To change the number of replicas of each component, update the .spec.<component>.replicas
field(s) from Pulp CR:
spec:
api:
replicas: 3
content:
replicas: 3
worker:
replicas: 3
Affinity Rules¶
Pulp Operator can define a group of affinity scheduling rules. With affinity rules it is possible to set constrains like in which node a pod should run (like in nodeSelectors
) or inter pod affinity/anti-affinity to define if Pods should/should not run in the same node that another Pod with a defined label is running.
To configure an affinity rule, update the spec.<component>.affinity
field(s) from Pulp CR. In the following example we are configuring Pulp Operator to avoid deploying the same Pulpcore
component in nodes that have different values of topology.kubernetes.io/zone
label (pulp-api-1
would run in a node with label topology.kubernetes.io/zone: us-east-1a
, pulp-api-2
in topology.kubernetes.io/zone: us-east-1b
, and pulp-api-3
in topology.kubernetes.io/zone: us-east-1c
):
spec:
api:
affinity:
podAntiAffinity:
preferredDuringSchedulingIgnoredDuringExecution:
- weight: 100
podAffinityTerm:
labelSelector:
matchExpressions:
- key: app.kubernetes.io/component
operator: In
values:
- api
topologyKey: topology.kubernetes.io/zone
content:
affinity:
podAntiAffinity:
preferredDuringSchedulingIgnoredDuringExecution:
- weight: 100
podAffinityTerm:
labelSelector:
matchExpressions:
- key: app.kubernetes.io/component
operator: In
values:
- content
topologyKey: topology.kubernetes.io/zone
worker:
affinity:
podAntiAffinity:
preferredDuringSchedulingIgnoredDuringExecution:
- weight: 100
podAffinityTerm:
labelSelector:
matchExpressions:
- key: app.kubernetes.io/component
operator: In
values:
- worker
topologyKey: topology.kubernetes.io/zone
Note
The topologyKey
should match the labels from the nodes in which the pods should be co-located(affinity) or not co-located(anti-affinity).
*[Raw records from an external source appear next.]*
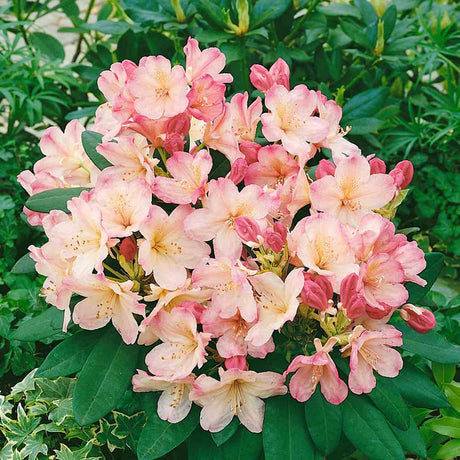 Azaleea Japoneza (Rhododendron) Percy Wiseman, arbust compact cu flori roz somon schimbatoare, vesnic verde pentru sol acid si semiumbra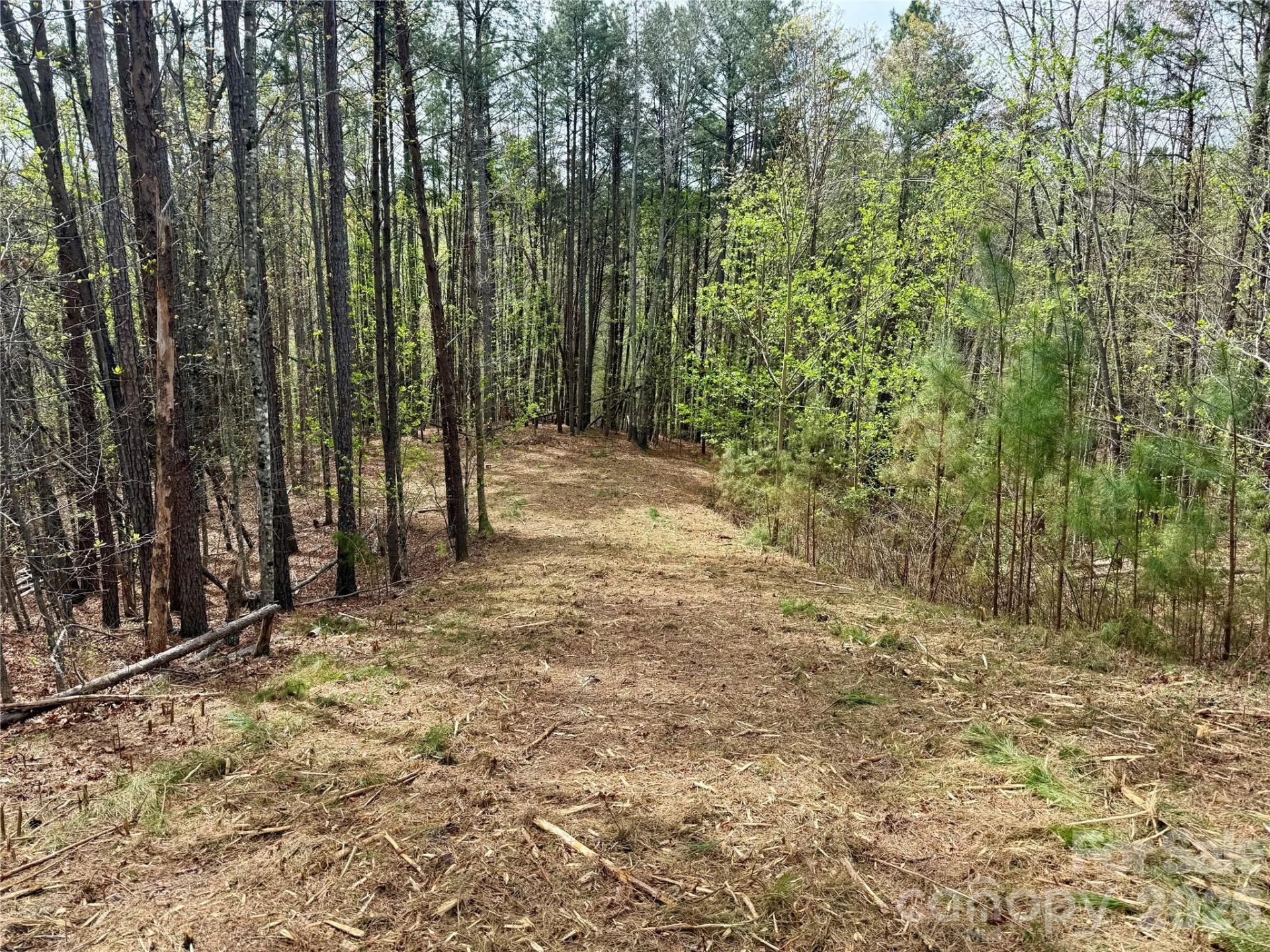 Lot 488 Bella Vista Way #488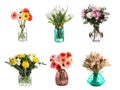 Collage with various beautiful flowers in glass vases on white background Royalty Free Stock Photo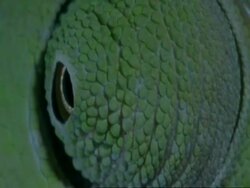 ECU Chameleons eye moving, Botswana, Africa Stock Footage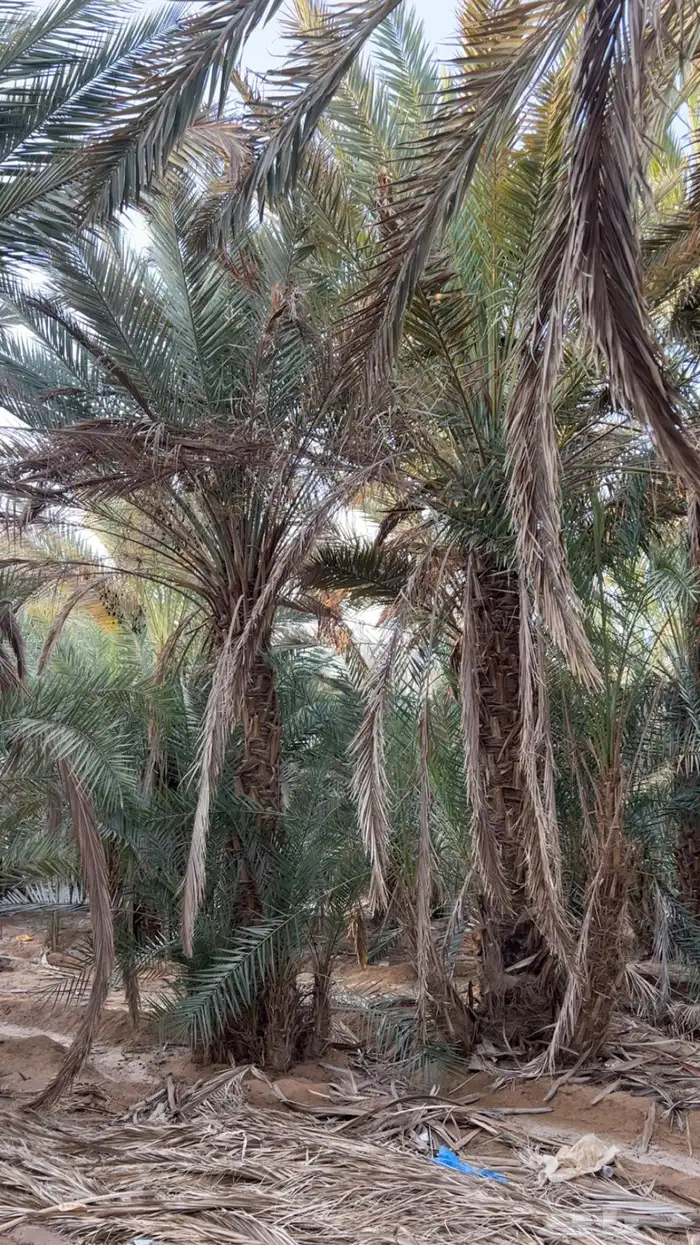 للبيع نخل طويل وادي الدواسر السليل 3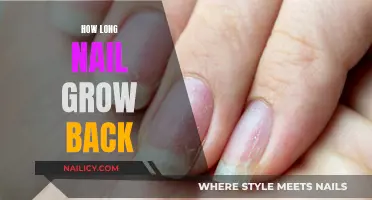 Nail Growth: How Quickly Do Nails Recover?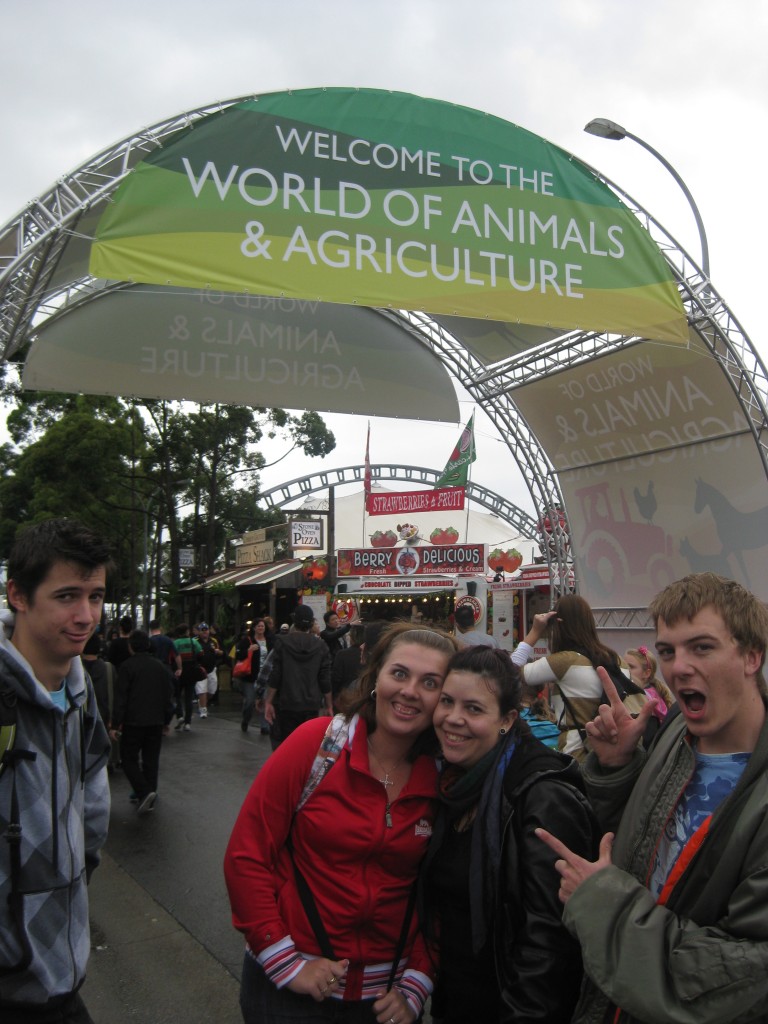 World of Animals and Agriculture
- Check the official k8s documentation for more information about kubernetes affinity rules: https://kubernetes.io/docs/concepts/scheduling-eviction/assign-pod-node.
- For more information on how to configure affinity rules in Pulp Operator check: https://docs.pulpproject.org/pulp_operator/configuring/podPlacement/
PDB (Pod Disruption Budget)¶
"Kubernetes offers features to help you run highly available applications even when you introduce frequent voluntary disruptions. As an application owner, you can create a PodDisruptionBudget (PDB) for each application. A PDB limits the number of Pods of a replicated application that are down simultaneously from voluntary disruptions." #pod-disruption-budgets
Suppose that you are in the middle of a critical task (repo sync, upgrade, migration, etc) and you don’t want it to be interrupted, meaning, no running API
or content
pod should be deleted even if a cluster admin tries to put a node in maintenance mode or drain the node. For this we can use PDB:
spec:
api:
replicas: 3
pdb:
minAvailable: 3
content:
replicas: 3
pdb:
maxUnavailable: 0
worker:
replicas: 2
minAvailable: 1
Note
You don't need to specify the PDB
pod label selector, the operator will add it automatically based on the spec.{api,worker,content}
field.
Warning
Make sure you know what you are doing before configuring PDB. If not configured correctly it can cause unexpected behavior, like getting a node in a hang state during maintenance (node drain) or cluster upgrade.
- Check the official k8s documentation for more information about kubernetes PDB: https://kubernetes.io/docs/concepts/workloads/pods/disruptions/#pod-disruption-budgets.
- For more information on how to configure PDB in Pulp Operator check: https://docs.pulpproject.org/pulp_operator/configuring/pdb/
Rolling Update Deployment Strategy¶
Suppose that a new image of Pulpcore
is released and you want to use it. To update the Pulpcore
image version deployed by Pulp Operator (.spec.image_version
field) with no downtime, it is possible to set the Deployment Strategy
as RollingUpdate
(default value if none provided).
For example, if we set the .spec.strategy
to RollingUpdate
and maxUnavailable
to 50%, if we change the .spec.image_version
from 3.32 to 3.33, kubernetes will keep half of the replicas running and reprovision the other half with the new image. When the new images get into a READY state it will start to redeploy the older pods, executing the upgrade with no downtime.
Example of configuration:
spec:
api:
strategy:
type: RollingUpdate
rollingUpdate:
maxUnavailable: 50%
content:
strategy:
type: RollingUpdate
rollingUpdate:
maxUnavailable: 50%
Warning
If the Deployment.Strategy
is set to Recreate
, kubernetes will ensure that all pods are Terminated
before starting the new replicas, which will cause downtime during a deployment rollout.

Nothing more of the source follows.